Click to view details

As indicated in the microsoft/Phi-4-multimodal-instruct, this model is not specifically designed or evaluated for all downstream purposes.

Developers should be aware of and adhere to applicable laws or regulations (including but not limited to privacy, trade compliance laws, etc.) that are relevant to their use case.

Users are responsible for sourcing their audio inputs legally. This could include securing appropriate rights, ensuring consent for use of audio, and/or the anonymization of data prior to use in research.

Long Context

Click to view details

Phi-4-multimodal-instruct supports an extended context window of 128K tokens, enabling efficient handling of long text and multimodal sequences. This fine-tuned ASR model retains the base model’s original architecture and positional encoding without changes.
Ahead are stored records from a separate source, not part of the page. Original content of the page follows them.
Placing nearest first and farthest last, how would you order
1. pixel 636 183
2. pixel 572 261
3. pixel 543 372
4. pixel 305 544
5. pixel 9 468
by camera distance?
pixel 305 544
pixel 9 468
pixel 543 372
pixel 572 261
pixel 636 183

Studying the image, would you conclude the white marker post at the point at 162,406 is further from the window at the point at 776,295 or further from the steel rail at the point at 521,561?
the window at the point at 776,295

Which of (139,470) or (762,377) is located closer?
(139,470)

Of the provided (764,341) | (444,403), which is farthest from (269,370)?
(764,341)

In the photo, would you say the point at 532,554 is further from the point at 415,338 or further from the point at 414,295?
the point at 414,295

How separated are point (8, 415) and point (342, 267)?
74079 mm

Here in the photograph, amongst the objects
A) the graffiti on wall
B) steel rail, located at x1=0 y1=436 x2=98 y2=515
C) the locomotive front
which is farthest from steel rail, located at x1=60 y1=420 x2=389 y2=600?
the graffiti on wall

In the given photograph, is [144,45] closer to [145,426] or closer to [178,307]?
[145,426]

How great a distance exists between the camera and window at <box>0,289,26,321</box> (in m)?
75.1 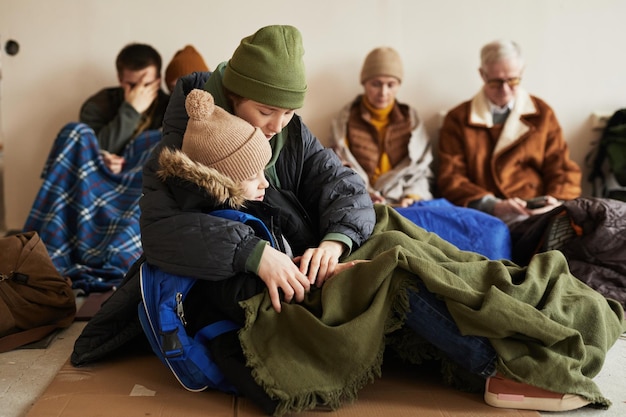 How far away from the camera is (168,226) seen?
1.70 metres

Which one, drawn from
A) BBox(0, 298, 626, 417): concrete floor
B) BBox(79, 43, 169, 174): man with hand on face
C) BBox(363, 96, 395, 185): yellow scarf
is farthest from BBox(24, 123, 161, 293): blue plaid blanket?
BBox(363, 96, 395, 185): yellow scarf

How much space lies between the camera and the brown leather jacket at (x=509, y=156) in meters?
3.34

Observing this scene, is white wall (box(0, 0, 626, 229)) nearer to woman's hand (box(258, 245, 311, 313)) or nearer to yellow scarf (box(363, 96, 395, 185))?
yellow scarf (box(363, 96, 395, 185))

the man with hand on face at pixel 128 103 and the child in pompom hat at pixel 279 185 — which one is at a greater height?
the child in pompom hat at pixel 279 185

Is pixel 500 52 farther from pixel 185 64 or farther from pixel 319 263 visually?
pixel 319 263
No additional training was done on long-context datasets, so performance for very long inputs has not been optimized or evaluated. Users should refer to the base model's documentation for detailed expectations and validate performance for tasks requiring extended sequences.
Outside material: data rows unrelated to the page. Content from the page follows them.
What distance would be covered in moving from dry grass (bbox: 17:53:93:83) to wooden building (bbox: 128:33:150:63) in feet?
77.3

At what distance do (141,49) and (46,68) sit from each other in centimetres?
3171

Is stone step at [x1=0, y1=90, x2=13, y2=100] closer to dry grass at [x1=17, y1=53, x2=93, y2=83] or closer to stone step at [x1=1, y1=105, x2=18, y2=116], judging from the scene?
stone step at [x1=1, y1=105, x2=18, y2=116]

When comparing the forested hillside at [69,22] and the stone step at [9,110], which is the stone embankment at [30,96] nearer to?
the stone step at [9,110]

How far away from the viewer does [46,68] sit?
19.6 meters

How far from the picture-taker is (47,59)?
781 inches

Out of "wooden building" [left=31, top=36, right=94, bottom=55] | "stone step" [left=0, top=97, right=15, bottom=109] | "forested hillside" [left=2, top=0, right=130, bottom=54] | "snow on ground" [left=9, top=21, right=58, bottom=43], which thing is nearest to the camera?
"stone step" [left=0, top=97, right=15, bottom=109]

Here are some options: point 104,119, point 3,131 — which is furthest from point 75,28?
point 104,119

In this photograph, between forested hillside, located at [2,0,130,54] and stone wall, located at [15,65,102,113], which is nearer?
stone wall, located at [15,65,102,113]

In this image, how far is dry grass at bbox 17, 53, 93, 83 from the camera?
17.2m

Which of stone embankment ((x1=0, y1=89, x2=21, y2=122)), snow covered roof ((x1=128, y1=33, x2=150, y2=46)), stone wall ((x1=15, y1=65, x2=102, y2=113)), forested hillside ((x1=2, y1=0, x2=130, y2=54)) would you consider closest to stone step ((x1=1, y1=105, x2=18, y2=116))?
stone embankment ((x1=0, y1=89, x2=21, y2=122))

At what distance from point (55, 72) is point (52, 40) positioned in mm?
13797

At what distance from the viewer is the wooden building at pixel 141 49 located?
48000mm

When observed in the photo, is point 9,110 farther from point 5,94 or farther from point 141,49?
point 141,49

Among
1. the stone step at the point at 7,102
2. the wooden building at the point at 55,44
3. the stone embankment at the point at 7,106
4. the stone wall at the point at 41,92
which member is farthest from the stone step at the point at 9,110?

Safety evaluation and red-teaming

Click to view details

This model is a fine-tuned variant of Phi-4-multimodal-instruct, optimized exclusively for automatic speech recognition (ASR) in the mentioned six African languages. While the fine-tuning introduces domain-specific improvements for transcription accuracy, it does not alter the underlying generative capabilities of the base model. As such:

Underlying Capabilities Remain

The base model retains its original functionality beyond ASR. However, the fine-tuning process was limited to ASR tasks and did not expand or modify generative behaviors. Therefore, the safety posture of the model is expected to remain consistent with that of the original base model and additional safety testing was not performed on generative capabilities for this fine-tuned version of the model.
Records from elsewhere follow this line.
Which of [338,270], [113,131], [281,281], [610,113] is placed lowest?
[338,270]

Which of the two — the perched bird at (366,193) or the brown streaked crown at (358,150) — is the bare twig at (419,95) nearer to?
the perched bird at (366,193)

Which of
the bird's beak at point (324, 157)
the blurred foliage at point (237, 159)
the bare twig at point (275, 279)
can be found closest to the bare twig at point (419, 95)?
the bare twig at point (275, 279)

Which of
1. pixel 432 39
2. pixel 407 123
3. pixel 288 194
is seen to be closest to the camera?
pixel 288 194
Limited Impact of Fine-Tuning on Safety Risks

Fine-tuning for ASR does not introduce new pathways for prompt-based exploitation or unsafe completions. The model’s generative features are unchanged, and the ASR-specific layers do not create novel content.

Risk Considerations

Any harmful or biased language in transcriptions originates from the source audio, not from the ASR functionality. Mitigation of such risks should occur through downstream content moderation systems.

For generative capabilities inherited from the base model, refer to the base model’s safety evaluation for applicable risks and mitigations.